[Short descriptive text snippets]
★ ★ ★ ★ ★ ★ ★
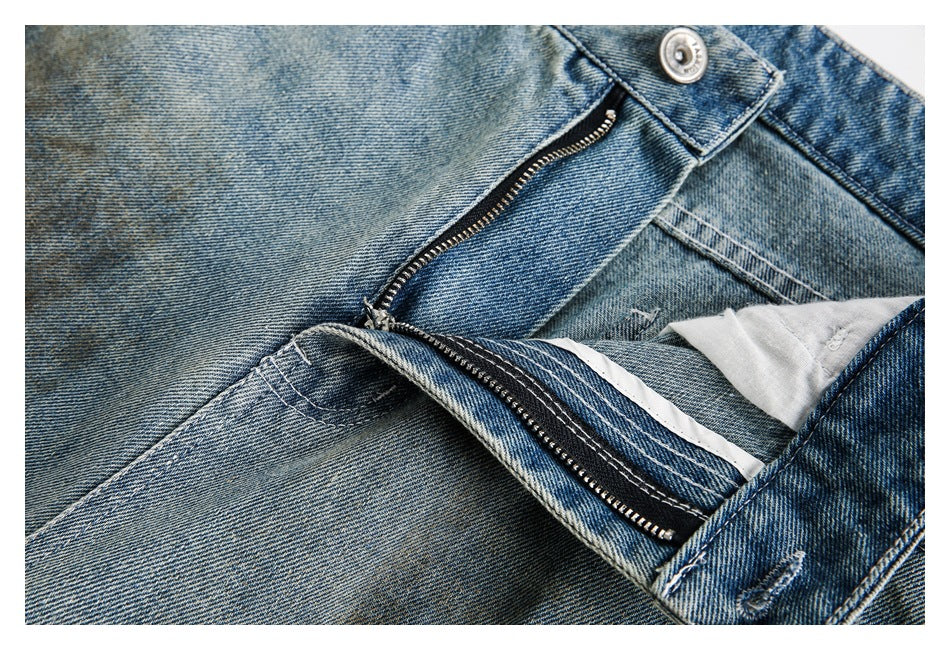 Close-up of light blue faded jeans with the metal-button waistband and zip fly open.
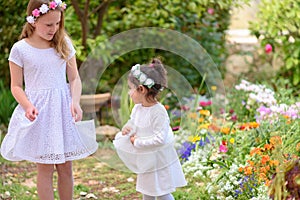 Two little girls in white dresses having fun a summer garden.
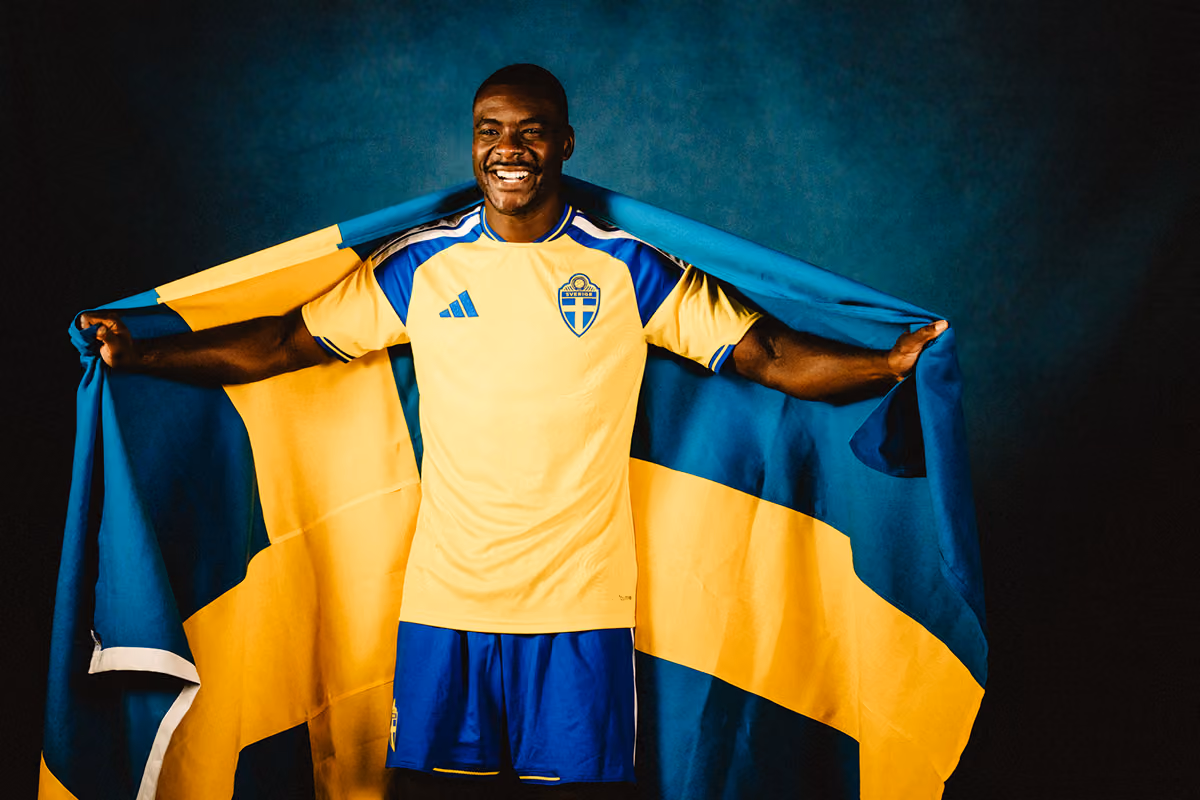 Glad man bär en svensk fotbollströja i gult och blått och håller en stor svensk flagga utspänd bakom sig mot en mörk bakgrund.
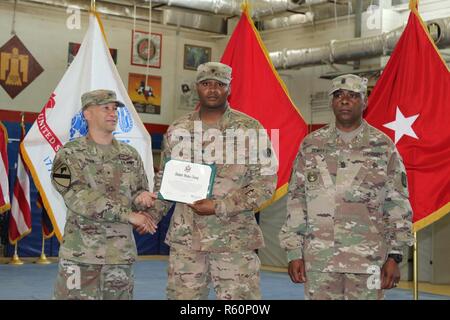 Stati Uniti Esercito Brig. Gen. Stephen Hager (sinistra), commander, 335a comando di segnalazione, si congratula con l'esercito Spc. Deonte Monteria (centro), automatizzato Specialista di logistica, 978th Quartermaster Company, a continuare il suo impegno per gli Stati Uniti Esercito si riserva il 22 aprile a Camp Arifjan in Kuwait. La riserva di esercito di cella di impegno ha ospitato questo evento annuale come parte di una giornata celebrativa orientata verso onorare gli uomini e le donne che servono negli Stati Uniti Riserve dell'esercito. Foto Stock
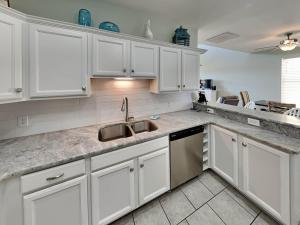 a kitchen with white cabinets and a sink at Sandy Starfish in Port Aransas +29 photos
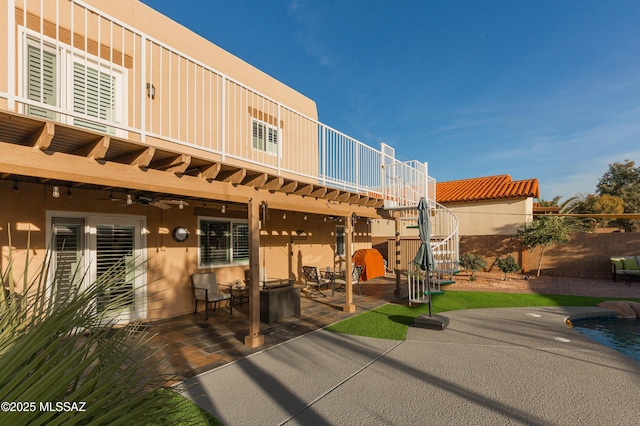 back of house with a balcony and a patio area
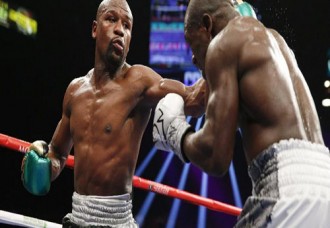 Floyd Mayweather Jr. hits Andre Berto during their welterweight title boxing bout Saturday, Sept. 12, 2015, in Las Vegas. (AP Photo/John Locher)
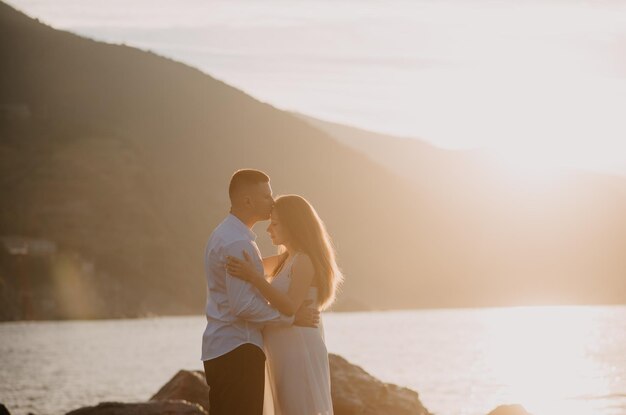 Pareja besándose en una roca junto al mar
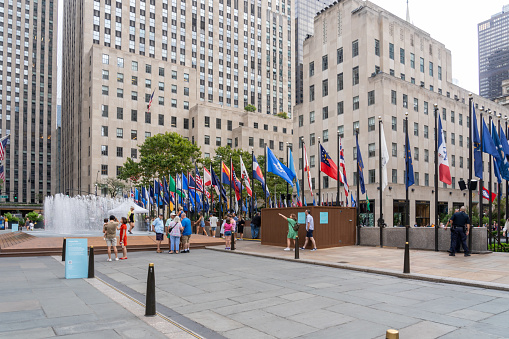 People at Rockefeller Center Plaza in New York City, NY, USA, August 21, 2022. Rockefeller Center is a large complex consisting of 19 commercial buildings.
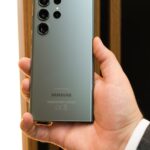 Close-up of a person holding a sleek Samsung smartphone with a triple camera setup.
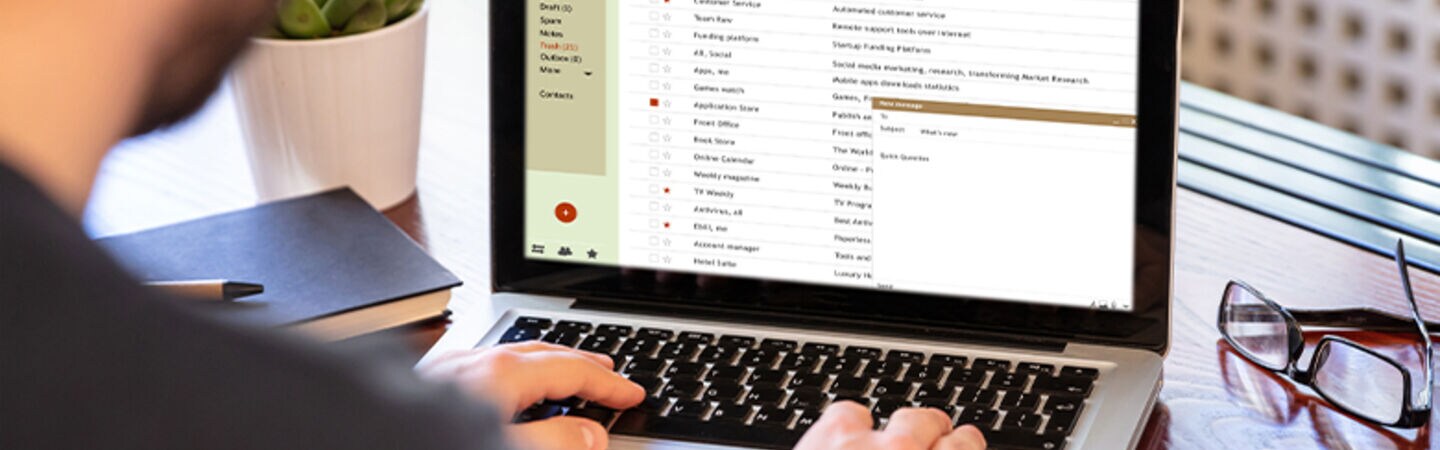 Mann tippt auf seinen Laptop.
★ ★ ★ ★ ★ ★ ★
*THE PROBLEM*: Go to the line above that has "a kitchen with" and copy exactly from there down to the line that has "Pareja besándose en una roca junto al mar", both included. Leave the pictures out.

*WRITTEN RESPONSE*:
 a kitchen with white cabinets and a sink at Sandy Starfish in Port Aransas +29 photos
 back of house with a balcony and a patio area
 Floyd Mayweather Jr. hits Andre Berto during their welterweight title boxing bout Saturday, Sept. 12, 2015, in Las Vegas. (AP Photo/John Locher)
 Pareja besándose en una roca junto al mar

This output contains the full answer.